Finishing school was a priority for Edmondson because he said he didn’t want to go back to the farm.
“I made sure that I got an education. My father never really wanted me to go to nursing school because it was not very popular for a man to be in nursing school. He just flat-out did not accept that,” Edmondson said. “He was so adamant about me not becoming a nurse because he thought it was a sort of a soft job for a man to be a nurse. He didn’t come to my graduation.”
Edmondson said his father had gotten him a job as a brick mason, but he didn’t want to make a career of laying bricks out in the hot sun.
Edmondson said his father later became ill with colon cancer and passed away at the age of 55. He said before his father’s passing he was on morphine because he was in excruciating pain.
“I had to go and give him his shots,” Edmondson said, explaining that connection helped him reconcile with his father.
“I believe that before he passed away, he knew the importance of me going to nursing school,” Edmondson said. “He said to my face, ‘I appreciate you so much.’ That did more for me than him coming to my graduation. It’s just really blessed me.”
Edmondson said lifelong activism spurred him into politics.
“I guess I’ve always been an activist. I’ve always been for the underdog. My first march was from Ethel Kight to downtown because they had just taken [her] name off the school,” Edmondson said.
He said after integration the school system said they were not going to have any other schools named after people, so they took Kight’s name off the school and renamed it Troup Junior High.
“I formed a walkout, and we marched downtown to protest. It was Henry Davis, Gary Fanning and myself. Three guys were in school there. We said that that was not right for them to do that, and it wasn’t right,” Edmondson said.
“It was only because they didn’t want their White children to go to school that was named after a Black woman.” Edmondson said, noting segregation was still prevalent. “We had just come from colored water fountains and segregated waiting rooms.”
“Ms. Kight had meant so much to children, and she loved all children. She meant so much to education. She took children in her own automobile and took them to school with her own money.”
Edmondson said he got into politics after being encouraged to run for mayor by Carl Von Epps.
“I ran for mayor against Mayor [Gene] Woodall and Jeff Lukken. Mr. Epps called me and said ‘You need to run for mayor,’ so I was the sacrificial lamb. I ran for mayor. I was defeated, but I got a lot of votes.”
Edmondson said there was a runoff between Lukken and Woodall, and he threw his support to Lukken, who eventually won the seat.

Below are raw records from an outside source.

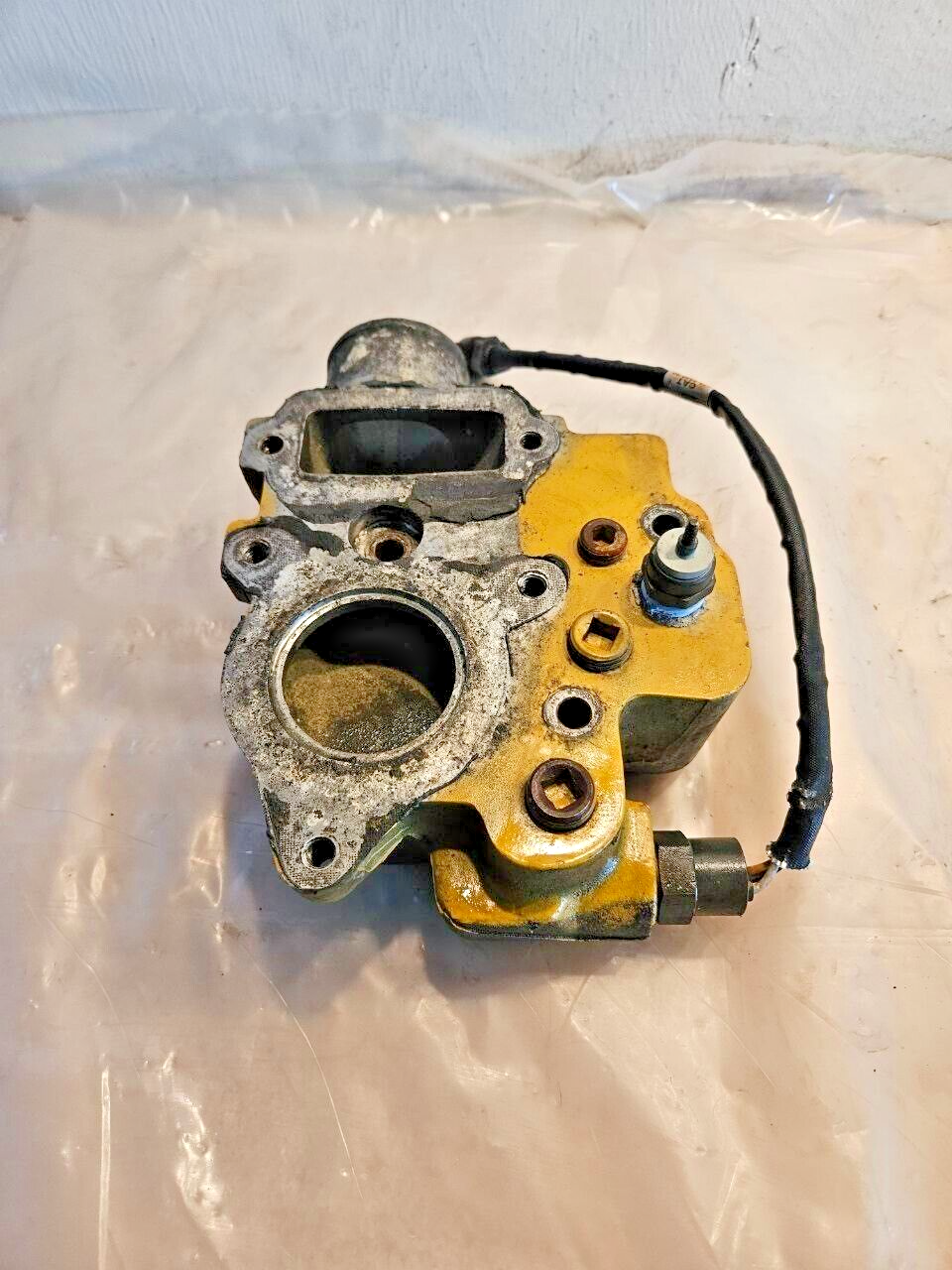 CAT 3406E 2WS Diesel Engine THERMOSTAT HOUSING Assembly 1048583 OEM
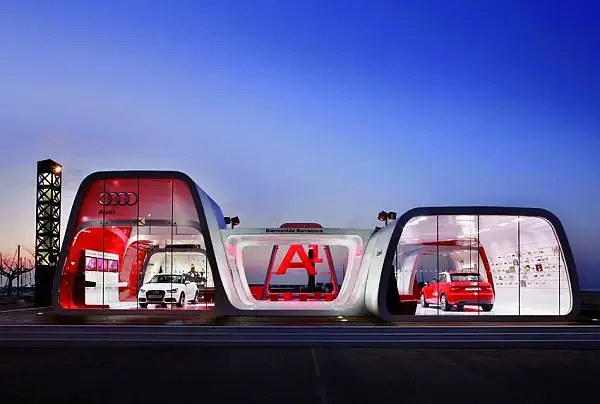 Audi AreA1 шоурум1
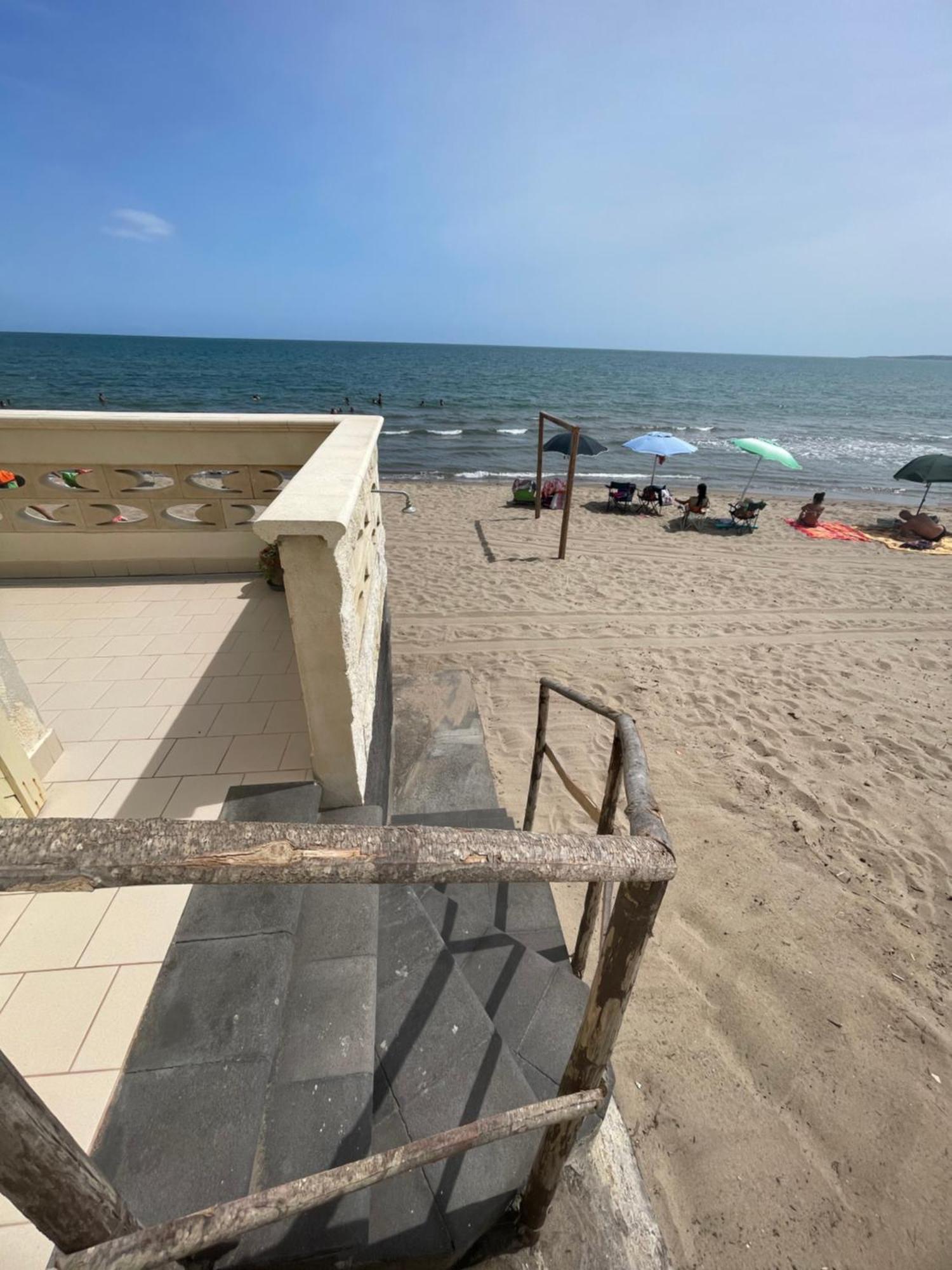 Paradiso Fronte Mare Villa Agnone Bagni Exterior foto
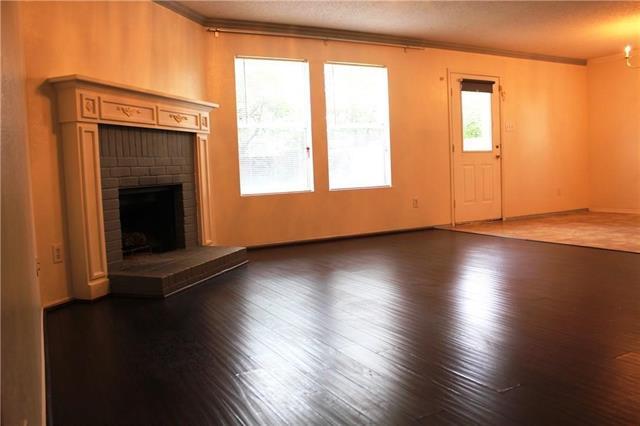 Photo - 2609 Peach Dr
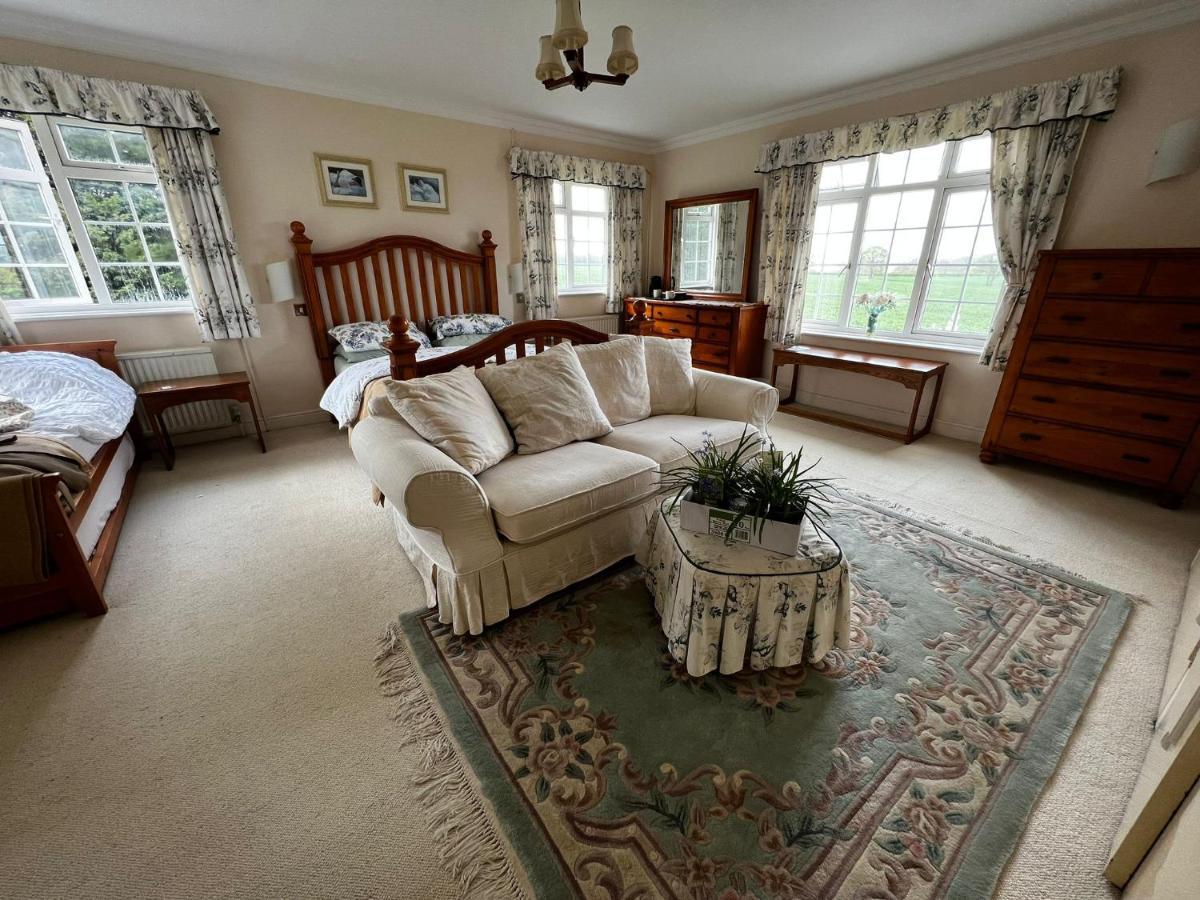 Plumpton House Hotell Ashford  Exteriör bild
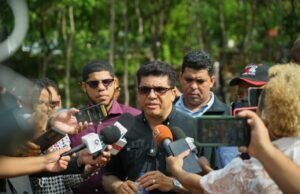 Dío Astacio dice recibió 49 camiones dañados de los 100 comprados por Manuel Jiménez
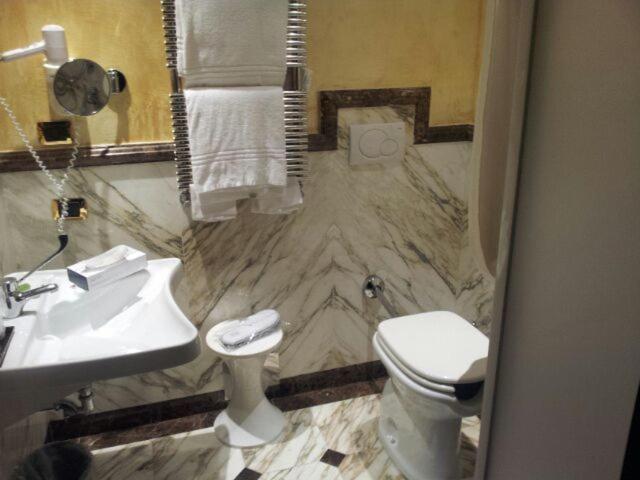 Hotel Sant Apos Anselmo 69/73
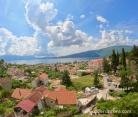 Atemberaubende Villa mit Blick auf die Bucht von Kotor, Privatunterkunft im Ort Baošići, Montenegro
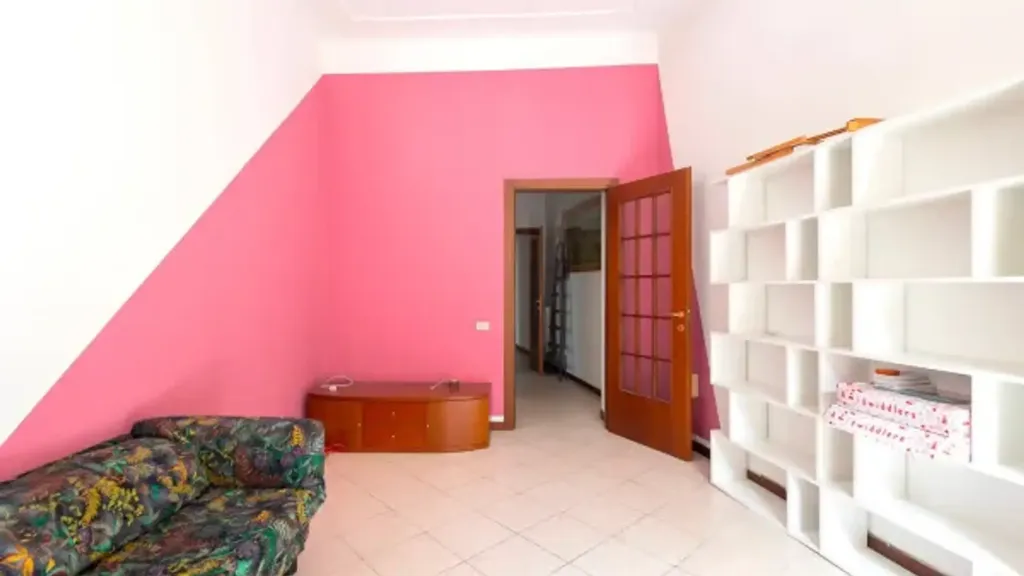 Living Room - Spacious Triplex in Historic Building, Milan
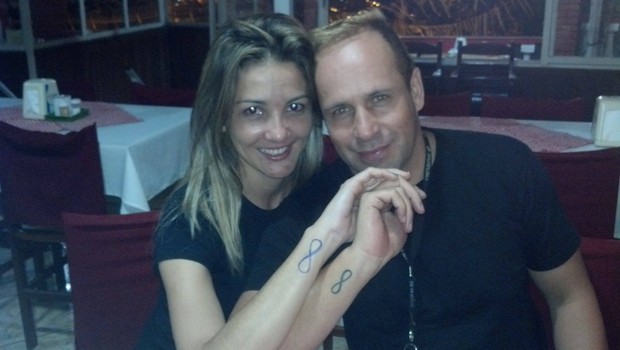 Ricardo Costa e sua atual namorada, Sindy (Foto: Reprodução/Facebook)
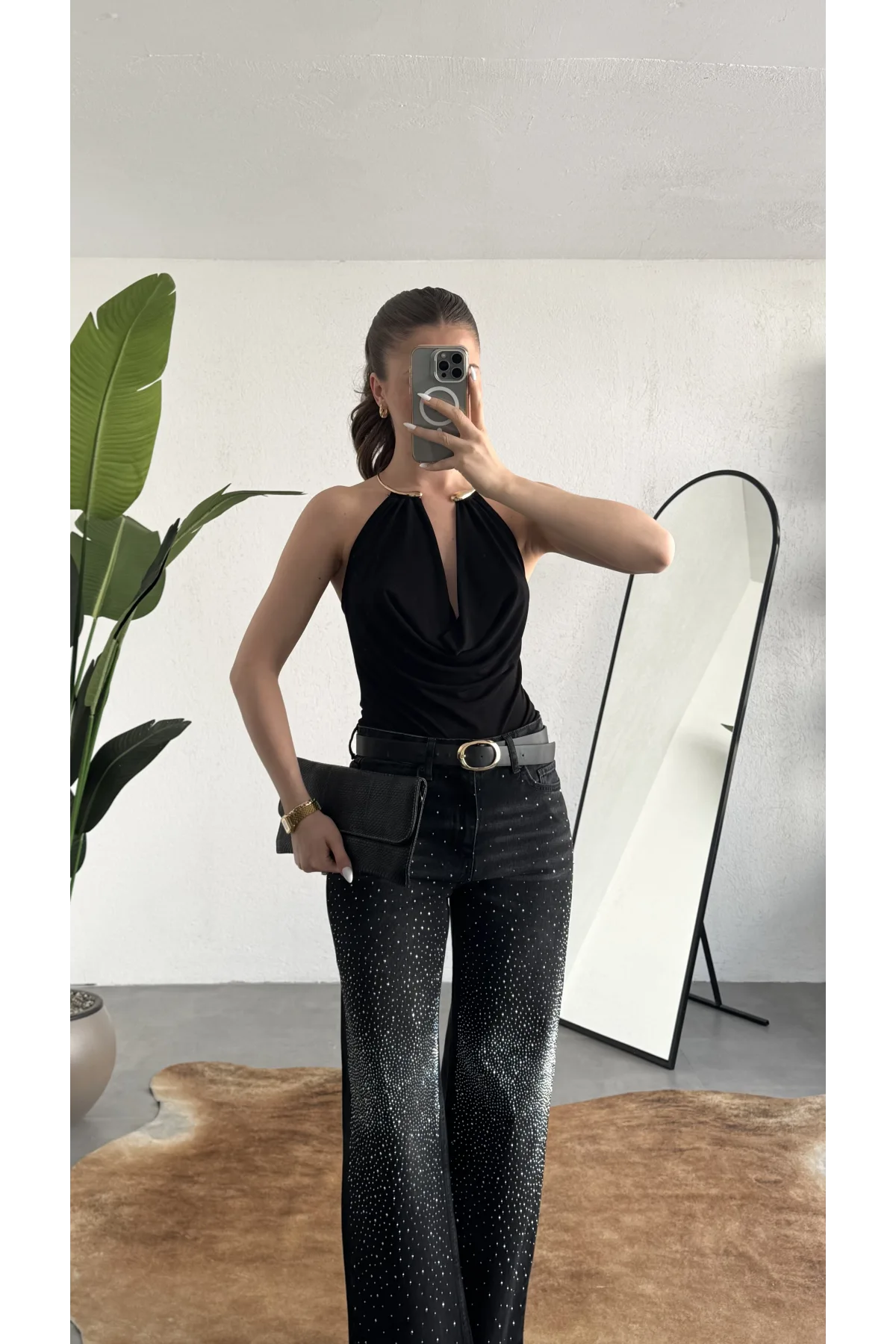 Kadın Siyah Gold Boyun Gold Aksesuarlı Drapeli Sırt Dekolteki Şık Candy BodySuit Bluz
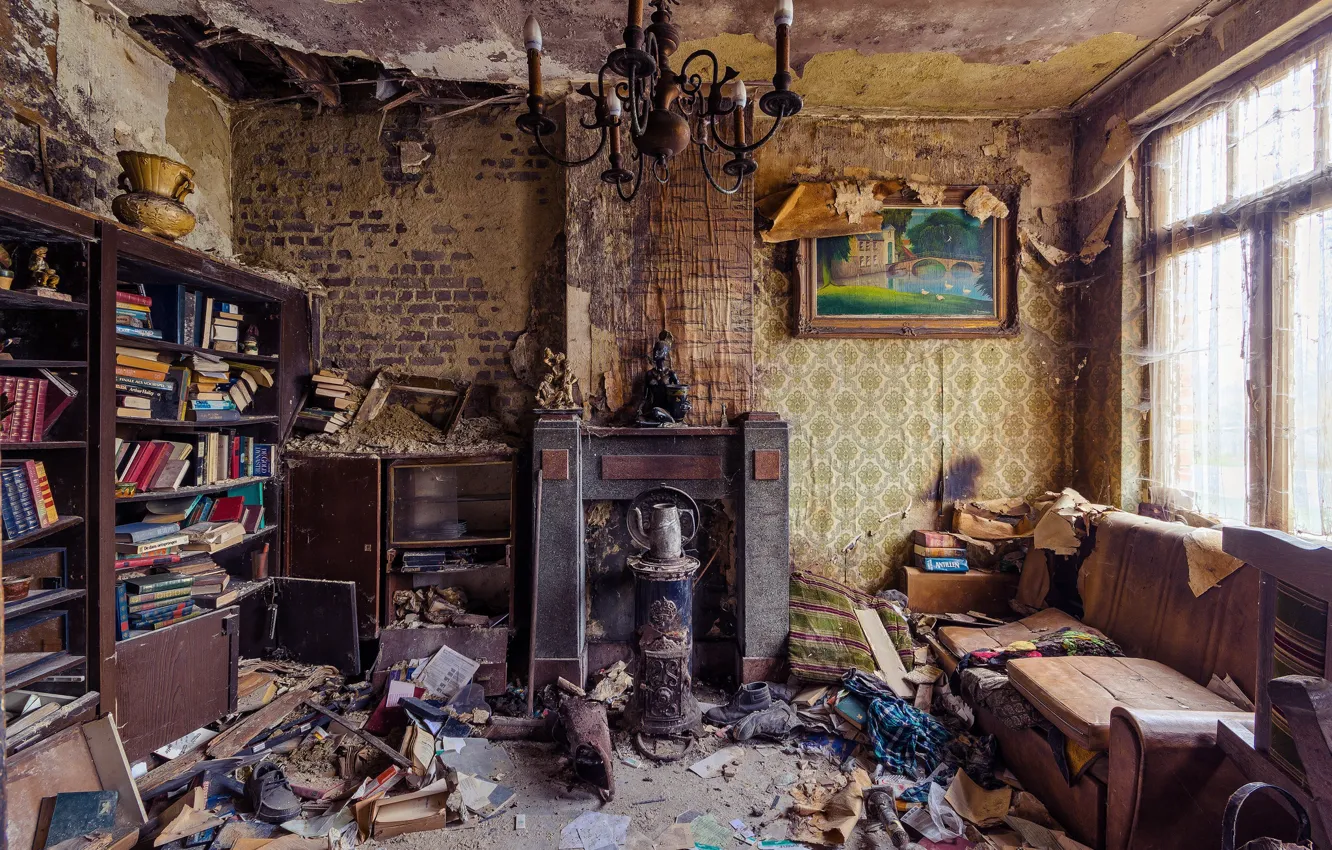 Фото обои window, living room, sofa, sunlight, fireplace, books, abandoned, chandelier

After the initial loss, Edmondson had a decisive victory when running for the LaGrange City Council, where he served for 24 years.
Edmondson says he owes his success to the support of so many others growing up from his grandmothers and other family members, to countless community members and God.
“I’m a strong believer in Christ. I believe that He has ordered my steps my whole life. I’ve had people praying for me my whole life,” Edmondson said.
“I feel very humbled to become LaGrange’s first African American mayor. I’m humbled because all races voted for me to become mayor. They looked beyond my color, and they saw someone that was able to do the job and be fair,” he said.